Agora, existe desejo, aspiração, vontade capaz de atuar como entidade total? Ou o desejo é sempre contraditório? E é possível a mente compreender a totalidade de si própria, tanto o consciente como o inconsciente, e atuar, não parcial ou fragmentariamente, porém como ente humano integrado, sem autocontradição? Para mim, tal ação é a única ação reta, porque todas as outras formas de ação gerarão conflito, tanto interior como exteriormente.

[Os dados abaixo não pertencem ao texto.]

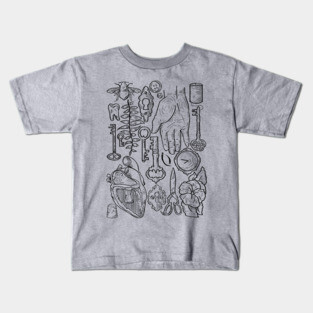 Oddities Kids T-Shirt
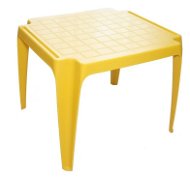 IPAE - Yellow coffee table - Kids' Table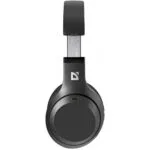 Defender FreeMotion B695 Ασύρματα / Ενσύρματα On Ear Ακουστικά με 50 ώρες Λειτουργίας Μαύρα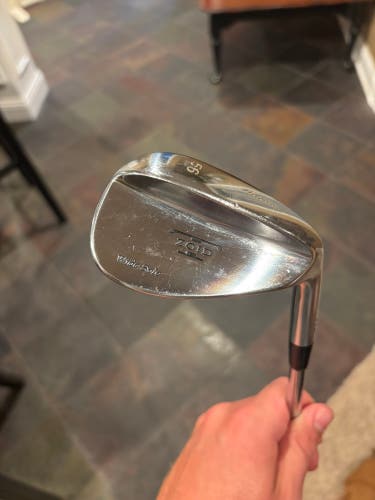 Men's  Right Handed Wedge Regular Flex 56 Degree Steel Shaft (Used)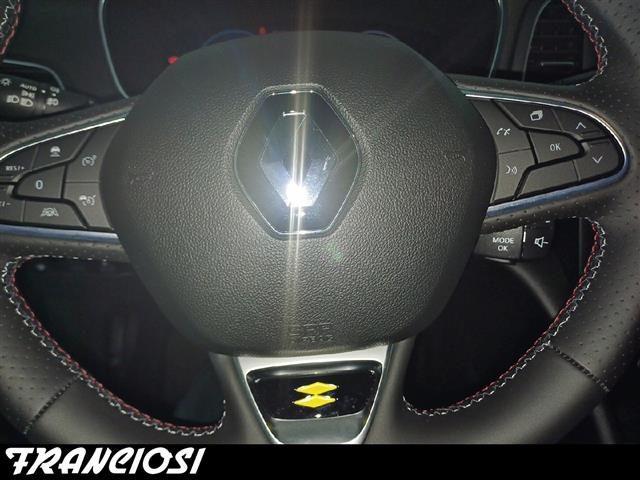 RENAULT Megane 1.6 E Tech phev RS Line 160cv auto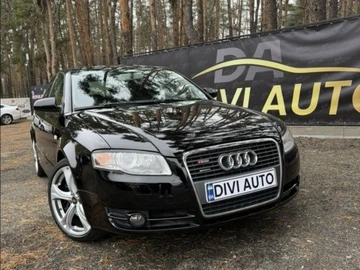Авто Audi A4 2006 № 8316795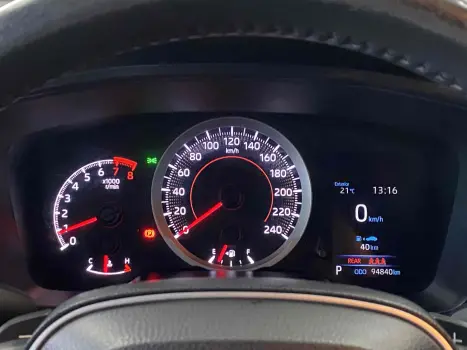 TOYOTA Corolla Cross 2.0 16V 4P FLEX VVT-IE XRE DIRECT SHIFT AUTOMÁTICO CVT, Foto 16 TOYOTA Corolla Cross 2.0 16V 4P FLEX VVT-IE XRE DIRECT SHIFT AUTOMÁTICO CVT, Foto 16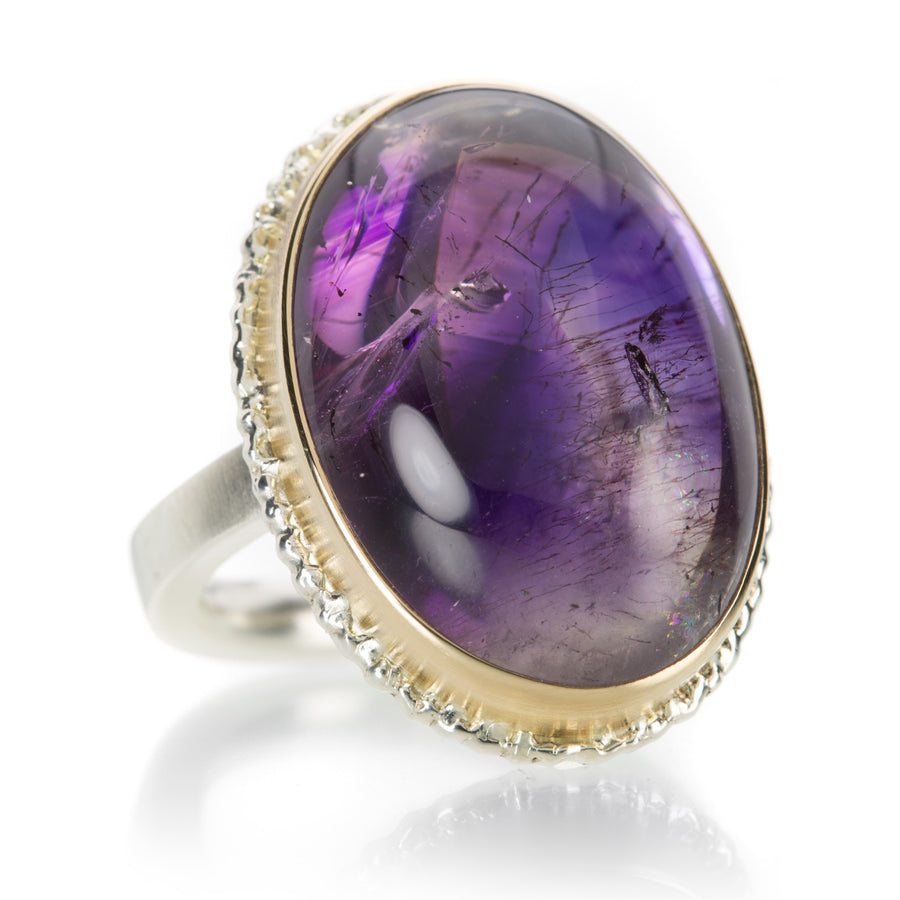 Jamie Joseph Amethyst Ring | Quadrum Gallery
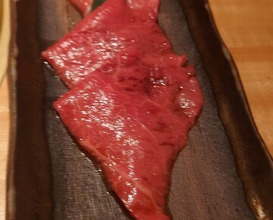 Dinner at Yoroniku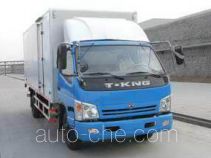 T-King Ouling ZB5050XXYTDIS box van truck
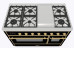 Варочный центр ILVE M12FDNE3/BKG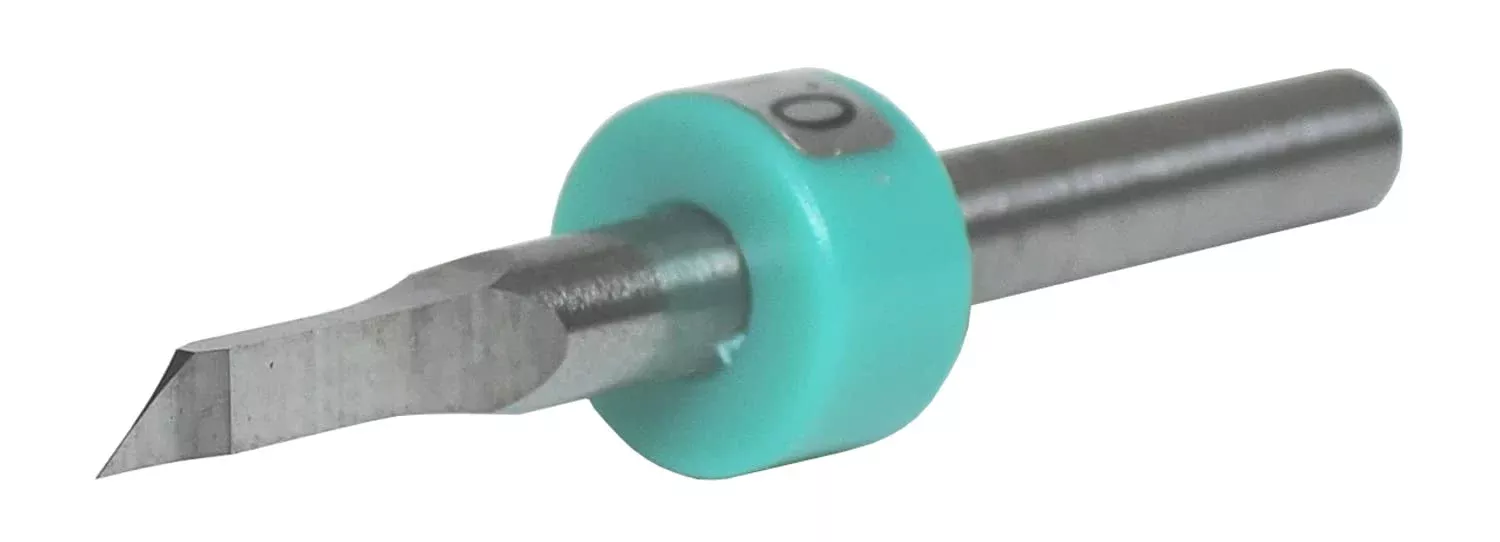 FUNTEC Line Engraving Tool Sujibori-Carbide 0.05Mm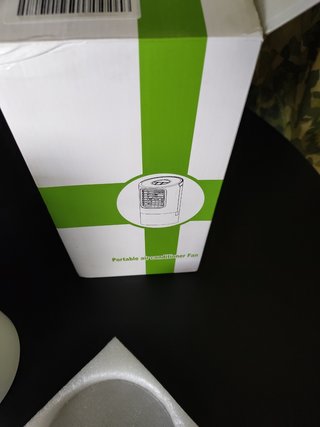 Ventilador portátil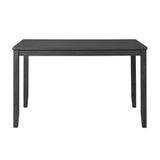 Alex 60" 7Pc Counter Dining Set
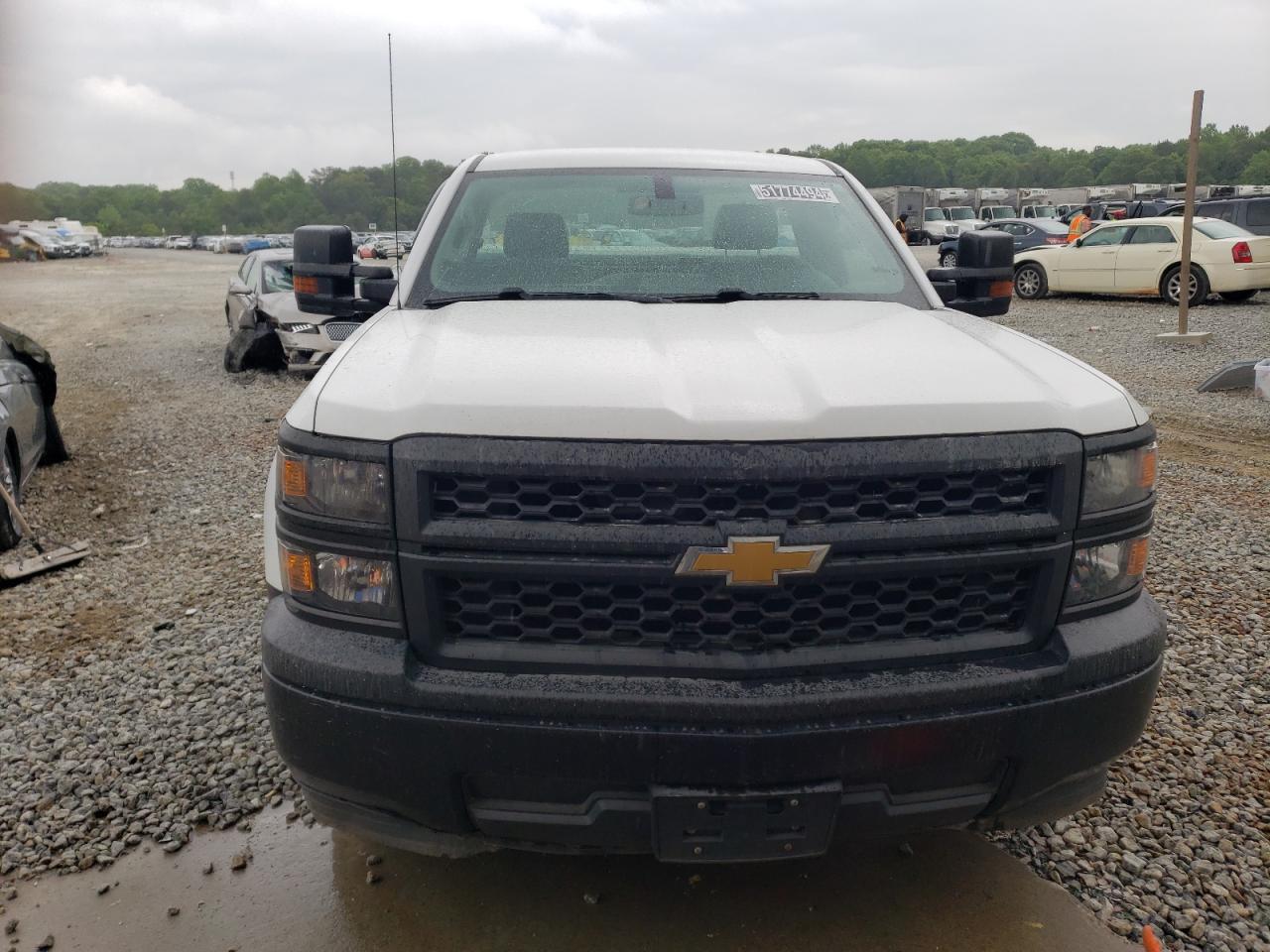 Photo 4 VIN: 1GCNCPEH3FZ310099 - CHEVROLET SILVERADO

Assim, como produzir essa transformação? Como poderá a mente atuar como entidade total, não dividida interiormente? Não sei se já refletistes alguma vez sobre este problema. Se já o fizestes, provavelmente pensais que os desejos contraditórios da mente podem ser harmonizados e que essa harmonia vem pelo esforço, pelas atividades ideológicas e várias formas de disciplina. Mas é possível harmonizar desejos contraditórios, como estamos tentando fazer? Eu sou violento e desejo ser "não-violento"; desejo ser artista, no lídimo sentido da palavra, e, no entanto, minha mente tende para a ambição, a avidez e a inveja, impedindo, assim, esse esforço criador. Dessarte, há uma perene contradição em nós mesmos. Esses desejos e conflitos promovem realmente certas atividades mas estas, também, em si mesmas, são contraditórias, como se pode ver diariamente em nossa vida. E é possível a mente alcançar aquela compreensão da totalidade de si própria, na qual a ação já não é questão de imitação, de compulsão, de medo, ou desejo de recompensa?[...] Isto é, a necessidade de uma ação não organizada pela mente, ação que não seja resultado de um pensar fragmentário, mas, sim, o reflexo de todo o nosso ser. Todos sentimos essa necessidade, porém não sabemos como atingir aquela ação. Podemos recorrer à religião, esperando encontrar uma ação não-contraditória, que seja completa; todavia, religião, para a maioria de nós, é uma coisa um tanto vaga e superficial, questão de crença, e nenhuma eficácia tem em nossa vida diária. Muito falamos a respeito disso que chamamos religião, mas o que dizemos não tem significação básica e apenas se torna mais um fator de contradição em nossa vida. Pensamos que devemos amar, mas não amamos. Desejamos buscar Deus, porém ao mesmo tempo estamos todos empenhados em atividades mundanas; e vemo-nos, assim, divididos, puxados em ambas as direções. Parece-me, entretanto, que a real compreensão do que é religião constitui a única solução para os nossos problemas. O mais importante, decerto, é que cada um de nós experimente diretamente a Realidade; e no próprio "processo" de experimentar a Realidade se encontra a ação da Realidade. Não se trata de experimentar a Verdade, e depois agir; o que há é ação da Verdade, no próprio "processo" de experimentar e compreender a Verdade. É então a Verdade que atua, e não a pessoa que compreende a Verdade.